Jock, dopo la collaborazione sulla favolosa run di Detective Comics pre-New52, torna ad accompagnare Scott Snyder in Wytches e la sua capacità nel definire il mood della storia, intervallandolo con l’atmosfera quasi asettica dei flashback, è da applausi. A differenza del lavoro compiuto da altri artisti in altri fumetti horror come Crossed o Dark Gods, l’attenzione si sposta e, invece di focalizzarsi sull’aspetto gore al limite del ridicolo, Jock riesce a rendere l’atmosfera inquietante e disturbante concentrandosi semplicemente su dettagli reali, ottenendo il massimo impatto da ogni vignetta.
Questa penultima issue del primo story-arc è una pugnalata al petto di ogni lettore, costretto ad aspettare il prossimo mese prima di poter leggere Wytches #6. A partire dal primissimo numero, la serie è migliorata in maniera palpabile diventando in breve tempo un capolavoro dell’horror fumettistico moderno, proponendo una perfetta ed intensa miscela fatta di terrore e malinconia.
The Valiant #4 (of 4) – Kindt/Lemire/Rivera
You Say You Want A Revolution
La miniserie Valiant ha un pregio non indifferente: diverte ed appassiona.

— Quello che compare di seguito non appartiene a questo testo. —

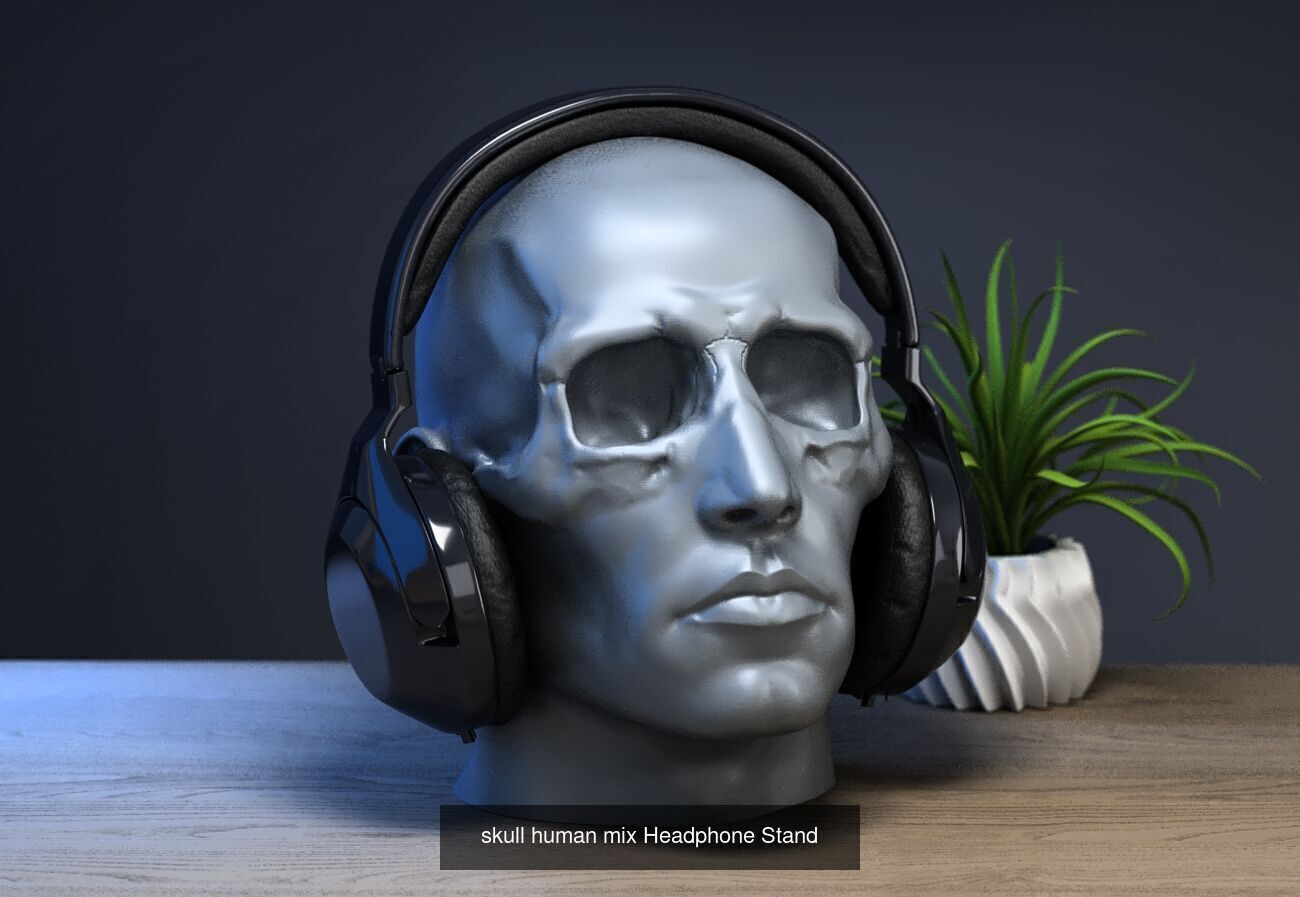 23 skull robot headphone stand sculpture ps5 controller 3D Model Collection_21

A differenza della vagonata di megaeventi che sconquassano i multiversi dalla durata improponibile e dai tie-in innumerevoli, The Valiant si propone come una semplice mini da quattro numeri che coinvolge alcuni fra i più interessanti personaggi del suo universo. Il ritorno del Nemico Immortale e l’evolversi della trama non prevedono colpi di scena fenomenali, né intrecci di trama particolarmente complessi. The Valiant pone una grande enfasi sulle conseguenze che gli eventi hanno sui personaggi, concentrandosi sulla loro evoluzione in risposta ad essi e approfondendo il loro reale cambiamento personale dovuto all’impatto con la tragica successione degli avvenimenti.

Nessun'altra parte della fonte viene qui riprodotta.